Evals: Doing Error Analysis Before Writing Tests

LLMs

evals

The importance of starting with error analysis before writing tests when evaluating LLMs

Published

December 21, 2024

Note

These are notes from my open office hours on LLM Evals, where I troubleshoot real issues companies are having with their evals. Each session is 20 minutes.

I spoke with Ali about evaluating an SMS-based caregiving app for unpaid caregivers - people taking care of family members like elderly parents or disabled children. His experience highlighted a common challenge: how do you start evaluating an LLM application when there are many potential approaches?

Watch The Office Hours

Here is the video of the full discussion (20 minutes):

The Issue: Starting with Metrics Before Looking at Data

Ali came prepared with a thoughtful analysis of his application’s architecture and evaluation needs. His App had the following components:

Twilio for SMS
FastAPI backend
Chroma for vector storage
Mem0 for memory
Azure OpenAI for LLM
Helicone for observability

He had already begun exploring evaluation approaches, including:

Writing unit tests for expected behaviors
Using Azure AI Foundry’s eval tools
Tracking metrics like coherence, fluency, and relevance

However, like many teams, he wasn’t sure if this was the right place to start: “I don’t know what part of my application to evaluate since there are many different parts”.

The Data-First Approach

The instinct to start with metrics and tests is understandable - they feel concrete and actionable. We want clear numbers to track improvement and automated tests to catch regressions. But this top-down approach often leads us to measure what’s easy to measure, not what actually matters to users.

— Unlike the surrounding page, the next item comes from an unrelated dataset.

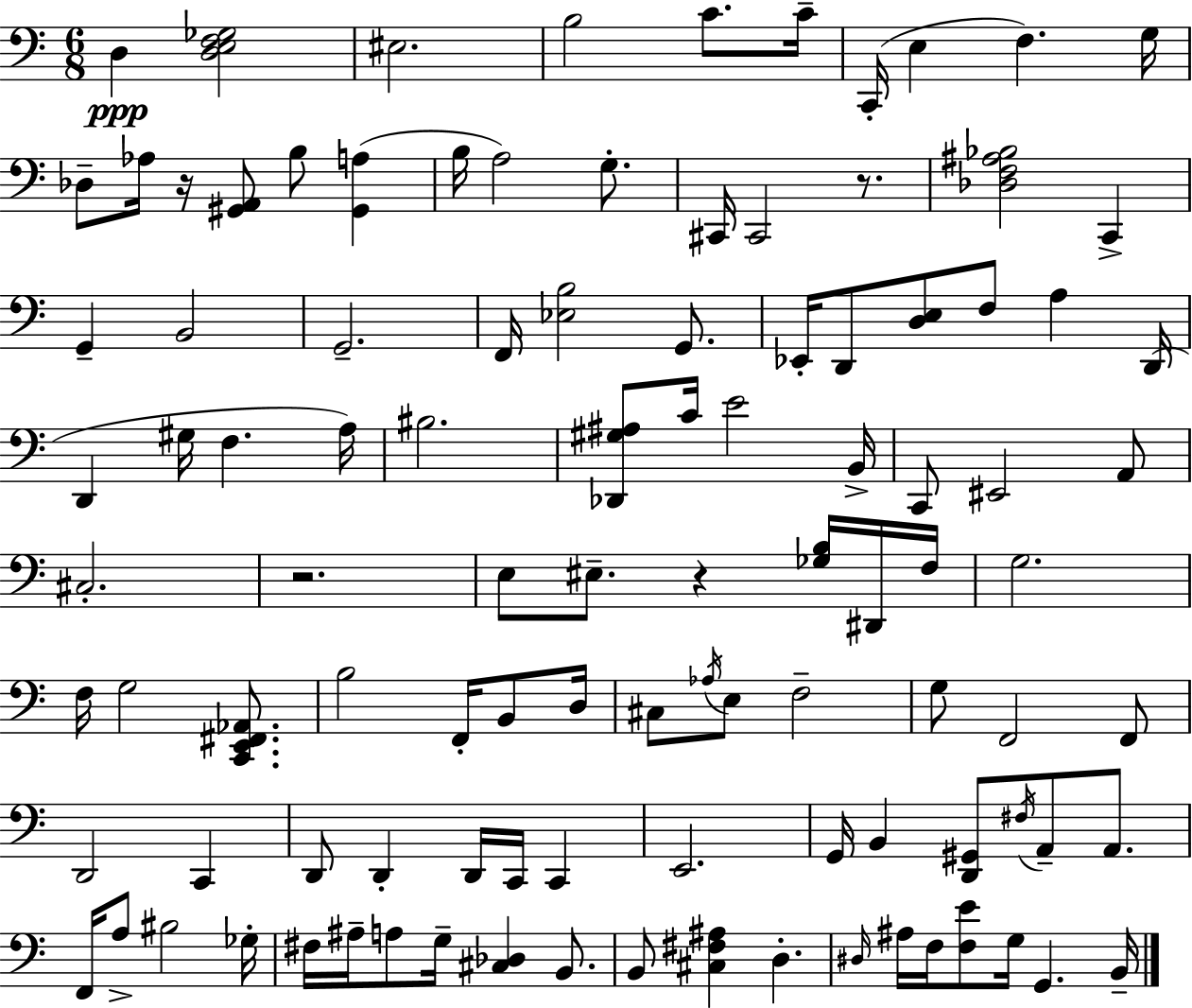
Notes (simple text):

D3/q [D3,E3,F3,Gb3]/h EIS3/h. B3/h C4/e. C4/s C2/s E3/q F3/q. G3/s Db3/e Ab3/s R/s [G#2,A2]/e B3/e [G#2,A3]/q B3/s A3/h G3/e. C#2/s C#2/h R/e. [Db3,F3,A#3,Bb3]/h C2/q G2/q B2/h G2/h. F2/s [Eb3,B3]/h G2/e. Eb2/s D2/e [D3,E3]/e F3/e A3/q D2/s D2/q G#3/s F3/q. A3/s BIS3/h. [Db2,G#3,A#3]/e C4/s E4/h B2/s C2/e EIS2/h A2/e C#3/h. R/h. E3/e EIS3/e. R/q [Gb3,B3]/s D#2/s F3/s G3/h. F3/s G3/h [C2,E2,F#2,Ab2]/e. B3/h F2/s B2/e D3/s C#3/e Ab3/s E3/e F3/h G3/e F2/h F2/e D2/h C2/q D2/e D2/q D2/s C2/s C2/q E2/h. G2/s B2/q [D2,G#2]/e F#3/s A2/e A2/e. F2/s A3/e BIS3/h Gb3/s F#3/s A#3/s A3/e G3/s [C#3,Db3]/q B2/e. B2/e [C#3,F#3,A#3]/q D3/q. D#3/s A#3/s F3/s [F3,E4]/e G3/s G2/q. B2/s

Instead of immediately jumping to metrics or tests, start by creating a simple spreadsheet to analyze real conversations. Here’s an example of how you might structure your error analysis:

Conversation ID	Primary Issue	Category	Notes
1	Failed to recall previous discussion about respite care	Memory	Assistant suggested respite care again without acknowledging it was discussed last week
2	Generic advice not tailored to situation	Personalization	Didn’t incorporate known context about user’s work schedule
3	Missed emotional cues	Empathy	Focused on tactical solutions without addressing expressed anxiety

The goal isn’t to be comprehensive - it’s to start seeing patterns. This analysis naturally suggests where to focus your evaluation efforts.

Why Not Use Off-the-Shelf Metrics?

A key moment in our conversation came when discussing off-the-shelf metrics from Azure AI Foundry. While these tools offer metrics like “coherence” or “fluency”, they often don’t capture what actually matters for your specific use case.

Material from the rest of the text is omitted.